Last modified: June 19, 1996 7:00 PM PDT
Sony hopes for digital revolution
"In those good old days, Sony made electronics equipment, three national networks ruled the airwaves, computers referred to IBM mainframes, and phone companies minded their own business," Idei said in a speech seven months after taking the helm of the Japanese multinational. These days, he added, "it seems that everyone is jumping into everyone else's business, and the old rules are broken."

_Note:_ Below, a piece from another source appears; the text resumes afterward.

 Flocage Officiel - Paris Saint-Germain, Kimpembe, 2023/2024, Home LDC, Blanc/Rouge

At the age of 50, Sony is having a midlife crisis. Once dominant in all things electronic, the conglomerate is now facing the "maturation" of the home entertainment industry, where widely available technology and low-cost labor have led to rising competition and smaller profits. As a result, Sony is staking much of its future on personal computing, a relatively unknown territory where companies that survive more than a year are often considered hardened veterans.

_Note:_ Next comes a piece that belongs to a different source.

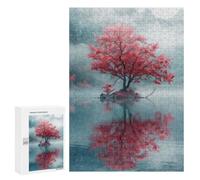 Jigsaw Puzzles for Adults300 PCS Cherry Sakura Tree Of Life Adult Jigsaw Puzzle Family Games Difficult Challenge Fun Activities at Home 300 PCS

The consequences of Sony's course go far beyond the Spartan hallways of corporate Tokyo. As other Japanese companies follow the industry leader's path, its strategy could presage a new economic war between Japan and the United States, which has long considered the PC market its own. And the move will likely have a significant impact on the technology itself by hastening the anticipated merging of the television set and the personal computer--a convergence that digital soothsayers predict will be felt with Loma Prieta-like magnitude from Hollywood to Wall Street.

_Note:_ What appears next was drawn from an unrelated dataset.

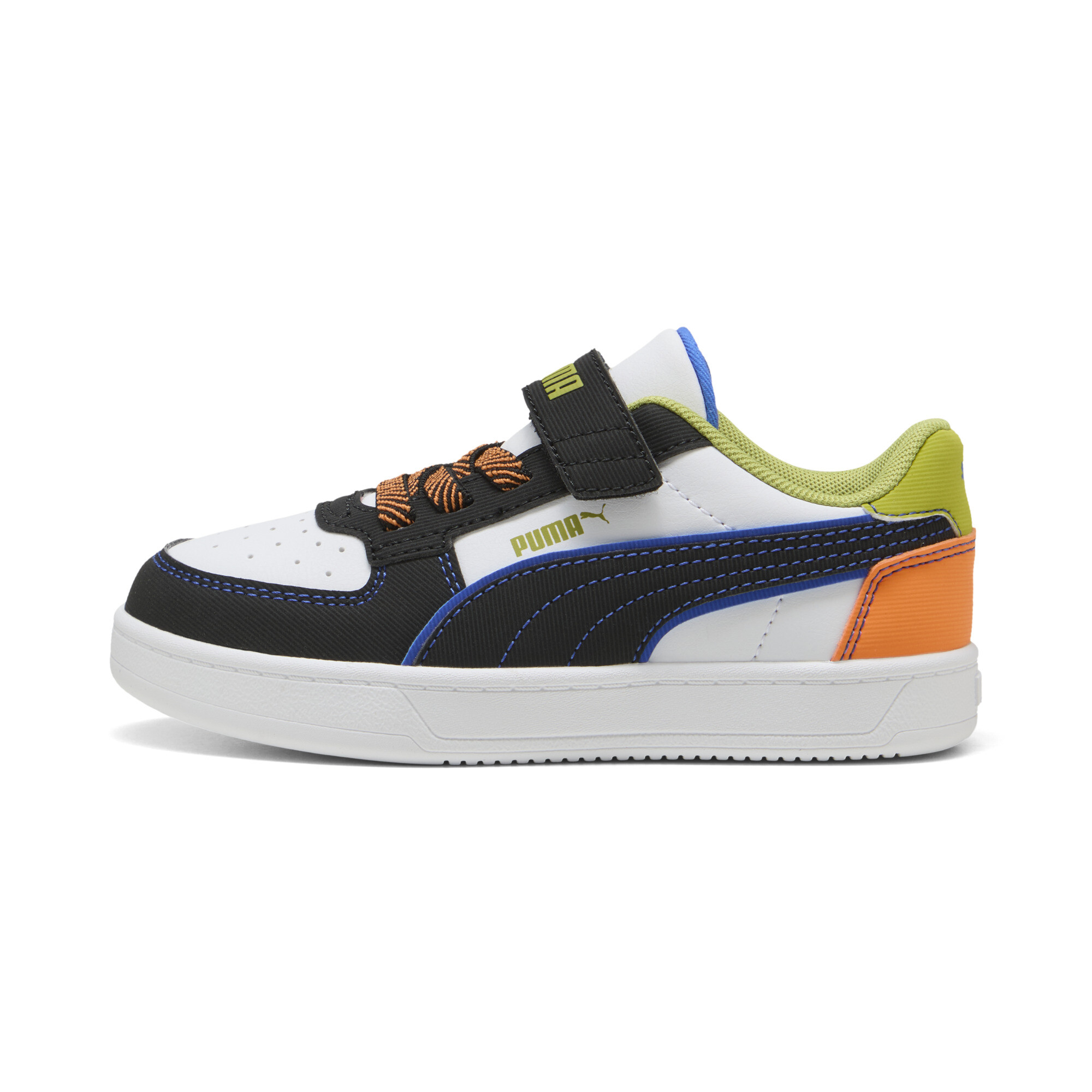 Puma Caven 2.0 Starblitz Sneakers Kinder Schuhe | White/Sea Kelp/Orange Glo | Größe: 35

With stakes this high, Sony is wasting no time. Barely six months after announcing its plans to enter the PC market in a major partnership with Intel, Sony showed the world its first branded personal computer at the PC Expo this week in New York. [See CNET analysis of Sony PC]
A company official also disclosed to CNET that it is planning a notebook that would bear the Sony nameplate. Lastly--for now--it is considering the possibility of manufacturing a Network Computer, the Oracle-sponsored box designed primarily for affordable Internet usage at a target price of $500.
A critical mass"The PC is approaching a major stage in its development," said Carl Yankowski, president and COO of Sony Electronics. "The consumerization of the PC in the United States is finally reaching critical mass."